I often go search for props from second hand stores and I start to build up the idea around those items that I find. Also the styling is a huge source of inspiration.
I have found many dresses (new and old) that are still waiting for the story to build up around them. Usually I search for a model after the props and styling.
Sometimes it's also totally opposite. I might have an interesting model and we have set a date for the shoot. I might go to the second hand store in the evening before, and just wish that I will find something interesting to have as a prop. To this day I have always found something that has worked somehow in the shoot.
How has being based in Finland influenced and shaped the art you create, and in what ways does your culture play a role in the stories and themes you wish to share with the world through your photography?
That's a great question and I haven't thought about that before... Maybe the long, cold and dark winter is one of the reasons to create something bright and colourful? (Looking out from my window right now, seeing total darkness and -20 celsius in the thermometer…)
I would say my pictures are somehow "universal" and you can not see Finnish culture in them. But there's one exception, I made a photo series about Finnish mythology a few years back and those were shot in Finnish nature in natural light. The pictures represent different characters from our national epic, Kalevala.
On the technical side of things, what skills do you find crucial to imagine and bring to life the visions you have in mind?
If you have an idea of a picture you want to create, you need to think about the lighting first and how to achieve that. I have used studio lights since 2016 and nowadays I use them in 95% of my pictures because only that way you can control everything. The most important skill is the understanding of light and shadow. If you want to add your model into a new background, the lighting has to be the same for the model and background for the picture to look realistic. Also when making composite images, you have to understand perspective.
Masking, of course, is something you have to master to make realistic composites, so lots of practice in that.

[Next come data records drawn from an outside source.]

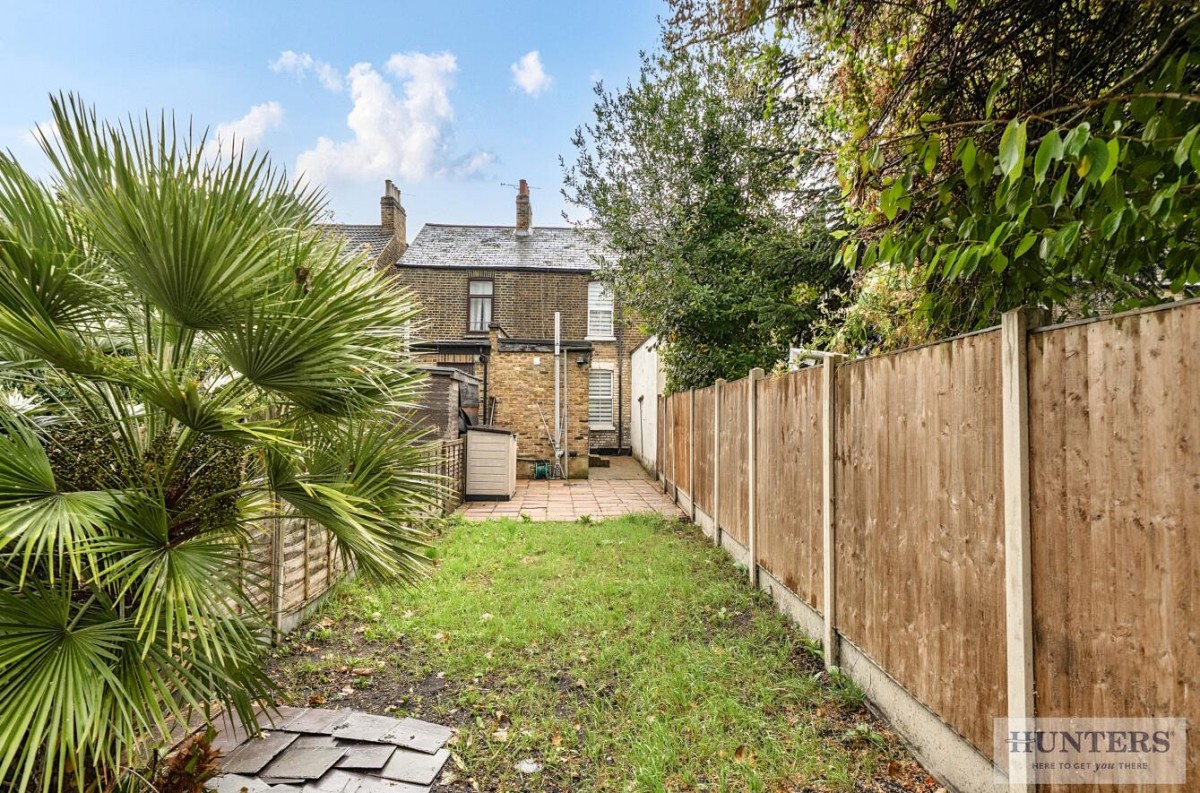 Manor Road, Erith, DA8 2AE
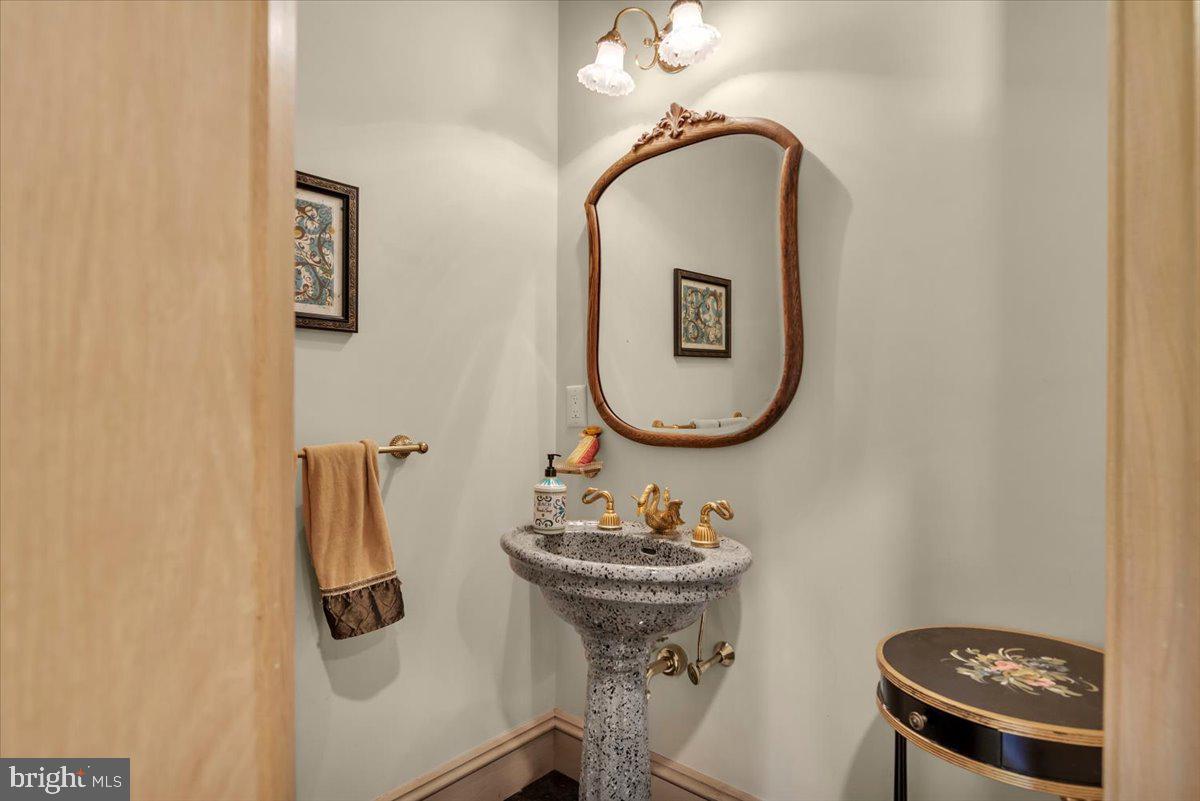 22 REEVES STATION ROAD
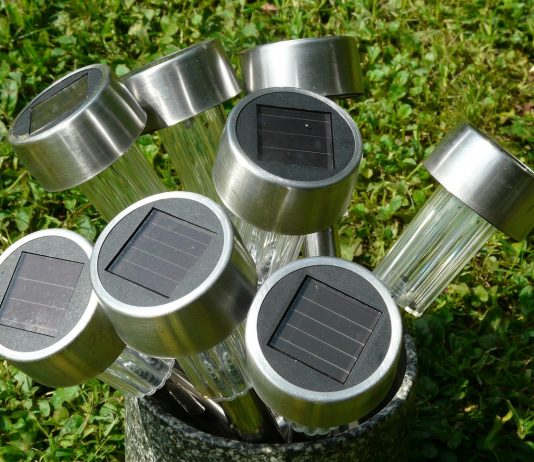 Two Important Things Before You Purchase Your Solar Spotlight Two Important Things Before You Purchase Your Solar Spotlight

Composition of the final image is crucial too because that way you can compel the viewer’s eye to navigate across the entire image the way you want. Color harmonies need to also work seamlessly, to catch those eyes.
Model: @hannakaisas | Crown: @carbickovacrowns | Dress: @monikaserekdesign
Color seems to play a huge role in setting the mood in your images. How big a part does color play in the initial planning and conceptualization of a photoshoot?
When I plan a photoshoot, I usually don’t know what kind of color palette I’m going to use in the final image. When I open the picture into Photoshop, usually the very first thing for me is to start playing with the colors, not in the end. If I don’t do that in the first place, I might get bored and lose interest in the picture.
When I see what can be done with the colors, I know I can make the picture work. You will always find the right colors for that specific picture if you keep searching. Colors play a huge role in every picture and make the atmosphere so don’t skip that part.
I noticed you've utilized our Photoshop color toning actions. What motivated you to incorporate these into your workflow, and have they introduced new creative possibilities compared to your previous methods?
The actions are so helpful. Somehow I found my way to the Color Lab actions a few years back and now that you have reformed and released new actions, I couldn’t refuse to try them too, they are addicting, haha! I love that I have the possibility to adjust the layers and make the colors look more like my own.
Which specific color toning actions have you found to be most useful for your style of work?
Usually the first one I try is “Regal”. Also ones that I love are “Black Gold”, “Letters from Tuscany” and “Orange Dahlia.” I never use only one action, there are always parts from different actions but some just play a bigger role.
What other artists or art movements have influenced or inspired you?
Art movements like Art Nouveau, Neoclassicism, Rococo and Renaissance are the ones that catch my eye and I try to mimic and mix those together in my work. I’m happy if people can see some features from those in my pictures.
A few artists I want to name from the photography industry, that I look up to, are for example Bella Kotak (hehe) because she must have been one of the first names I experienced when I got interested in fine art portraits and that type of style. I’m really honoured that I’m here being interviewed by her today. Other names that come to my mind are Laura Sheridan and Chris Koeppen (An Ethereal Fire). Chris is the master of mixing photography and paintings so seamlessly.
From Finland I will mention my dear friend Pia Rautio. Her portrait work is outstanding and known not only in Finland but also internationally. I’m glad I have found this soul who shares interest in art and we can talk about pictures and life whenever.
When I started photography I always looked up to Finnish digital artist / AI-artist Antti Karppinen and his composite work. I’m thankful that I have gotten some great tips from him. His work inspires me and many others, not only in the photography industry but also in the new and exciting AI world. He always goes forward and never stops and that’s the greatest tip of all time.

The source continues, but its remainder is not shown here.